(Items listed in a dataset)
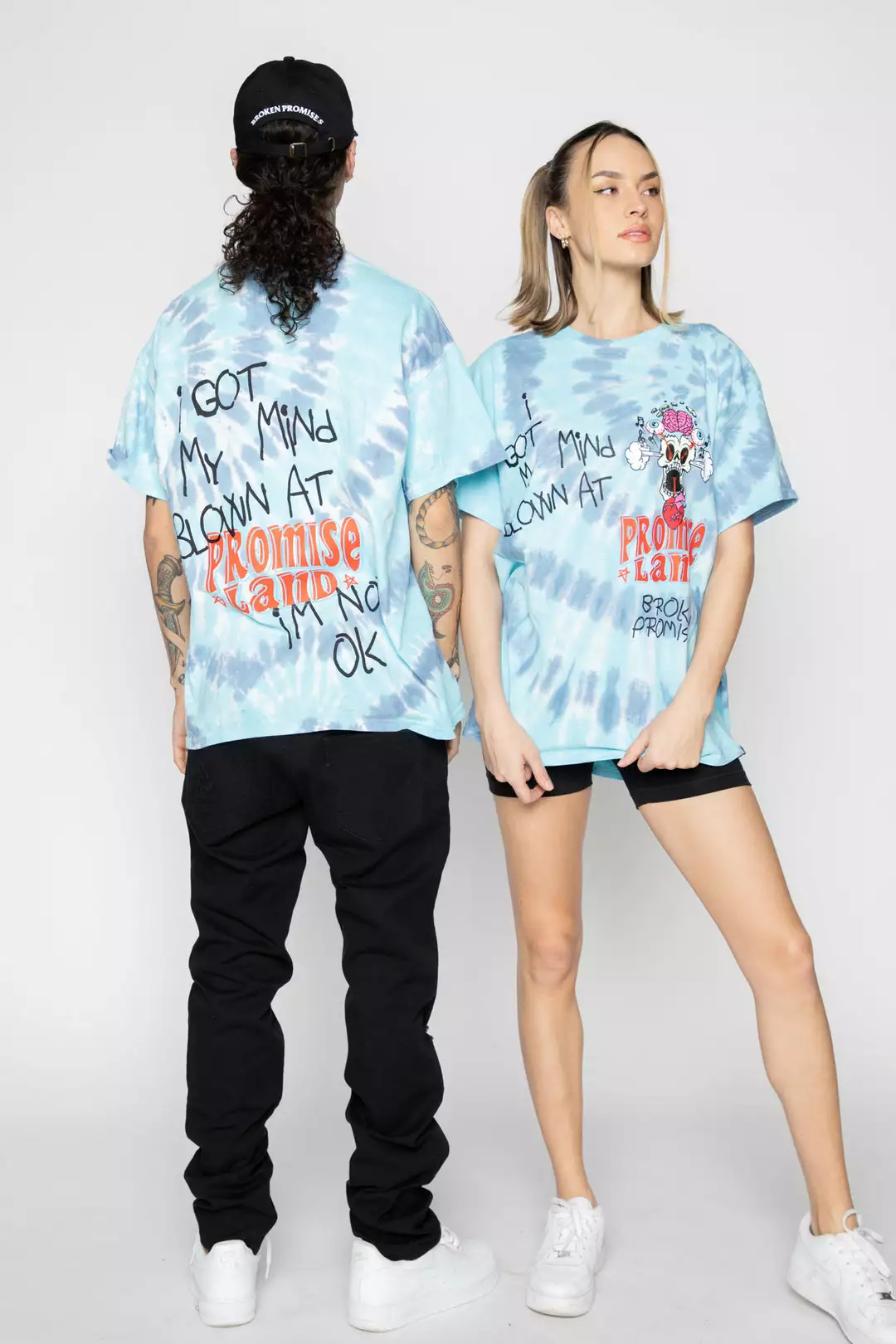 BROKEN PROMISES Mind Blown Tie Dye Tee Blue Shirts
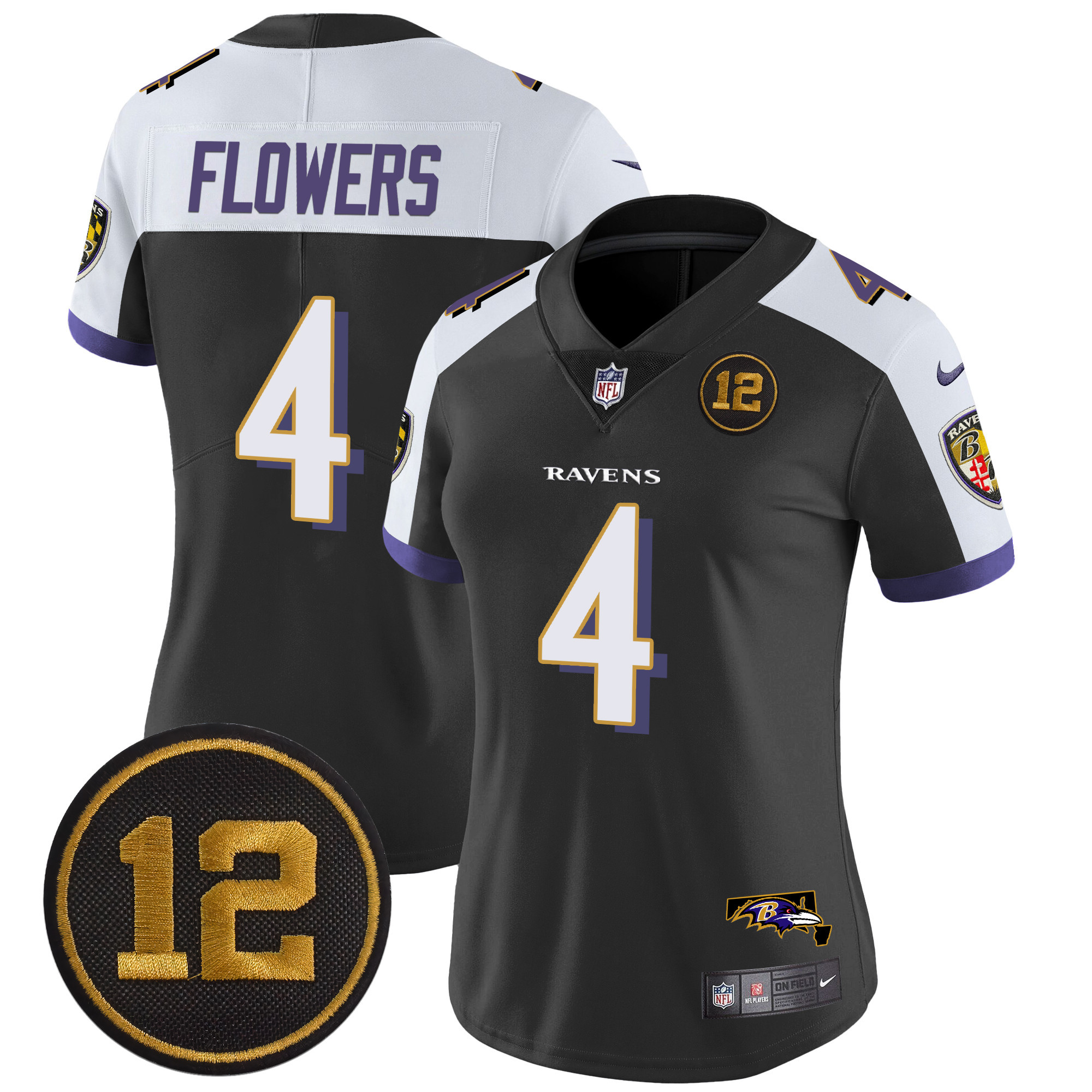 Zay Flowers Women's Baltimore Ravens Jacoby Jones Patch Vapor Limited Black Alternate Jersey - All Stitched
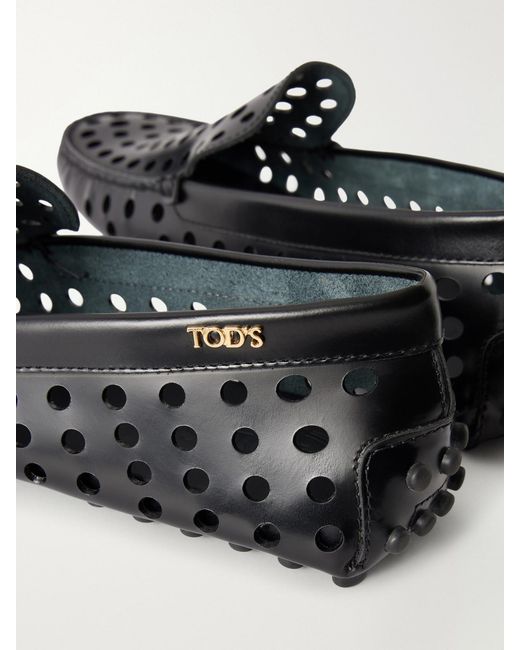 Tod's Black Gommino 22L Cut-Out Leather Loafers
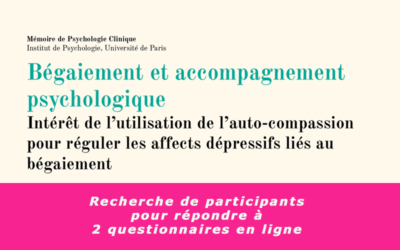 Questionnaire pour un mémoire en psychologie sur l’accompagnement des personnes bègues et l’auto-compassion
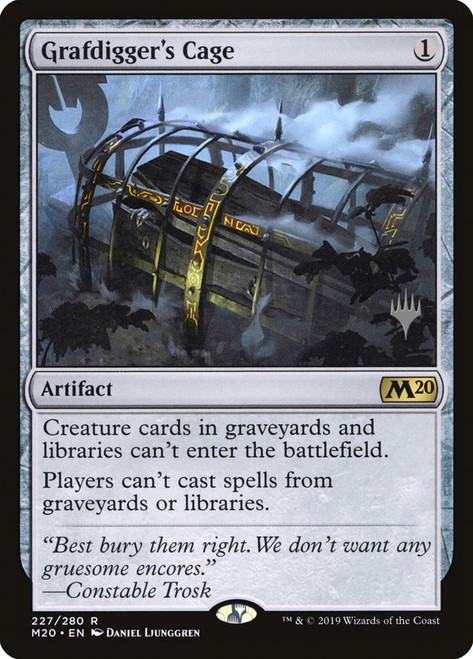 Grafdigger's Cage (Promo Pack) (Core Set 2020)\nPromo: Planeswalker Stamped\nSingle\nMagic The Gathering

__PROBLEM DESCRIPTION__. The line with "Questionnaire pour un" ends the range, and the first line of the data begins it; repeat exactly those lines and nothing more, omitting pictures.

__SOLVED EXERCISE__.
 BROKEN PROMISES Mind Blown Tie Dye Tee Blue Shirts
 Zay Flowers Women's Baltimore Ravens Jacoby Jones Patch Vapor Limited Black Alternate Jersey - All Stitched
 Tod's Black Gommino 22L Cut-Out Leather Loafers
 Questionnaire pour un mémoire en psychologie sur l’accompagnement des personnes bègues et l’auto-compassion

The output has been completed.